For years the agriculture sector has adapted to a changing market, and Colorado State University released data with a high demand for qualified college graduates with agriculture degrees.
Less than two percent, 4.6 million, of Americans live and work on farms, but the agriculture sector employs 22 million for the producing, processing, and trading of food and fiber in the U.S., according to a North Carolina State University study.
At the same time, Purdue University and the USDA project the market will add 60,000 new ag jobs every year for the next five years.
For college students pursuing degrees in agriculture and its associated areas, the job market holds promise for positions after graduation.
The USDA projected close to two open positions for every qualified graduate within the next year.
With the changing agriculture sector, degrees in agriculture have become more diverse as well. Students like Colorado State senior Aubriel Jones is majoring in agriculture literacy and minoring in both global and environmental sustainability and agricultural and resource economics.

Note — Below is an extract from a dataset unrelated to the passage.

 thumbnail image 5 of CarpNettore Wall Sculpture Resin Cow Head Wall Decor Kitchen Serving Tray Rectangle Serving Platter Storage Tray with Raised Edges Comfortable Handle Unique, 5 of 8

When people asks, however, Jones typically avoids the specific titles and simply says “agriculture.”
“They say, ‘Oh you’re learning about corn right? Or you’re learning about how cows eat?’ Things like that,” Jones said.
A large number of people outside agriculture don’t recognize the reaches of the agriculture market and see it as its most basics parts like crops and livestock.
Many modern agricultural students, like Jones, don’t even come from farming or agriculture backgrounds, but recognize the importance and vastness of the agriculture market and sector.
“You have 1 percent of your population feeding the other 99 percent,” Kevin Pond head of Colorado State University’s animal science department said.
Over the next few years, demand for qualified agriculturists will go up to fill agricultural, both direct and indirect, careers, and salaries will reflect the demand raise, Pond said.
Agriculture can no longer be depicted as merely cows and plows. The advancing market and world culture means new age agriculturalist and recognition of their importance.